二人は、とても仲良くなっていたのだった。


「だって私本当に腹立たしかったんですもの。あんな自分勝手で思い込みの激しい方が、堂々と殿下にお慕い申し上げるのならば、まだ、私の方がマシだと思ったんですの。」

「ふふ……、確かにそうね。貴女のそんな考え方、嫌いじゃ無いわ。」

「有難うございます。私も、ドロテア様のお優しい所が、好きですよ。」

「まぁ、およしになって!私別に貴女に優しくなんてしてないわよ……」


話の流れでアイリスがドロテアの事を褒めると、今まで和やかに会話していたのに、彼女は急にそっぽを向いてしまった。

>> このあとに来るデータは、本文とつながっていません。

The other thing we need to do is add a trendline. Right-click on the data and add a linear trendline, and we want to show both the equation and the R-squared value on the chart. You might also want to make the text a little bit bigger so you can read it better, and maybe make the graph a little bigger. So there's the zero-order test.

けれども別に怒った訳じゃない。褒められてこそばゆかったのだ。


ドロテアはどうも、思っている事を素直に口に出来ない性格らしかったので天邪鬼な態度を取ってしまいがちだが、彼女について慣れてきたアイリスには、照れて顔を背けるその仕草もとても愛らしかった。


「ふふ、ドロテア様は、可愛らしいですわね」

「もう!揶揄わないでくださいませ!……そんな事より……貴女ももう分かっているとは思うけれども……大切な話があるのよ。これを伝えたくて貴女をお茶に誘ったのだから。」

「な、何でしょうか……」


ドロテアが急に声のトーンを落として、深刻な顔をしたので、アイリスも彼女の口から何か重大な事が発せられると思って、固唾を飲んだ。

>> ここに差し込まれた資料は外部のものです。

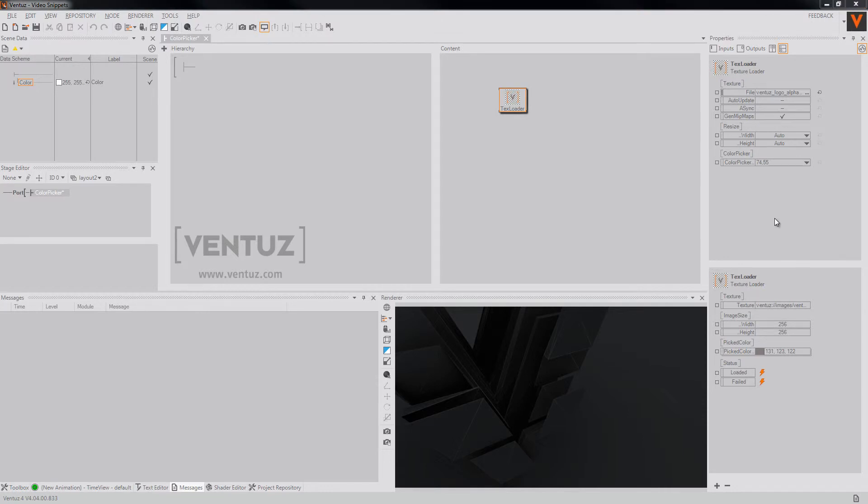The common use case for this may be to load your scene specific colors into the scene data.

もしかしたら、レナードの呪いの事についてアイリス達が不在の間に周囲にバレてしまったとか、第二王子派が、何かよからぬ事を画策している噂があるとか、とにかく、レナードに関わる何か深刻な事が起きているのではないかと、アイリスは心構えしながら不安そうにドロテアの次の言葉を待った。


しかし、彼女の口から出てきた言葉は、アイリスの心配とは全くもって対局に位置する様なものだったのだ。



「貴女が、レナード様と上手くお話が纏まったのならば、今度は貴女が私を手伝うのは当然ですわよね?!」

「えっ……えぇ……?あ、……はい……?」

あまりの事にアイリスは戸惑った。彼女の口から出たのは、アイリスが想像していた最悪な内容とは比べ物にならない程、平和的な恋の悩みだったのだ。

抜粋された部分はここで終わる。